Vulnerability Collation

As our denouement, let’s have a look at the vulnerability collation function, cvrf_collate_vuln(). It accepts only a single familiar argument, the parsed CVRF document and returns a dictionary of exactly the same format as does cvrf_parse(). The function starts by declaring an empty dictionary which will hold the results. Next on its todo list is the creation of a root filename in which the collation process will store the goods. We use the findtext() method which is part of ElementTree’s Xpath-like query language, ElementPath, to find the first (and only, assuming the document is valid) DocumentTitle element and return its contents. If you look closely, you’ll notice the rather long line of string methods is actually operating on two different strings. The first one removes the curly braces from the namespace specifier string to accommodate the format required by findtext(). The second preps the filename by removing all extraneous whitespace from the Document Title and replacing any “internal” spaces with underscores.

Next, the iterator uses the findall() method which issues an Xpath like query to return all match elements. In this case, we want to iterate over each Vulnerability element. We create the specific filename, which is prefixed by the string literal “cvrfparse-“, followed by the title we just created, followed by the string literal “-ordinal-“, followed by the vulnerability’s ordinal, and capped with the string literal “.txt”. The function then uses the iter() method we saw above to create a list comprehension and store the whole in the dictionary indexed by the filename.

def cvrf_collate_vuln(cvrf_doc): """ Zip through a cvrf_doc and return all vulnerability elements collated by ordinal cvrf_doc: the serialized CVRF ElementTree object returns: a dictionary of the format {filename:[item, ...], filename:[item, ...]} """
    results = {}
    # Obtain document title to use in the filename(s) tiptoeing around around the curly braces in our NS definition
    document_title = cvrf_doc.findtext("cvrf:DocumentTitle",
                                       namespaces={"cvrf": CVRF_Syntax.NAMESPACES["CVRF"].replace("{", "").replace("}", "")}).strip().replace(" ", "_")

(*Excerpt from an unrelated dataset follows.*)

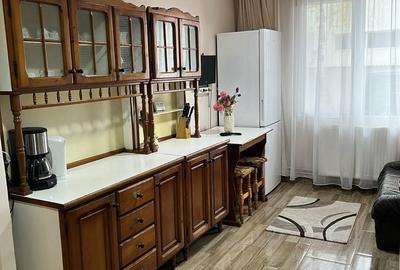 Apartament cu 3 camere decomandat în Central - 1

    # Constrain Xpath search to the Vulnerability container
    for node in cvrf_doc.findall('.//' + CVRF_Syntax.NAMESPACES['VULN'] + 'Vulnerability'):
        # Create filename based on ordinal number to use as a key for results dictionary
        filename = 'cvrfparse-' + document_title + '-ordinal-' + node.attrib['Ordinal'] + '.txt'
        # Create an iterator to iterate over each child element and populate results dictionary values
        results[filename] = node.iter()

    return results

Conclusion

We looked at the newly open sourced tool, cvrfparse, a validating parser for CVRF. It’s up for grabs at PyPI and GitHub! As work continues on the tool, your comments, critiques, and pull requests are welcomed.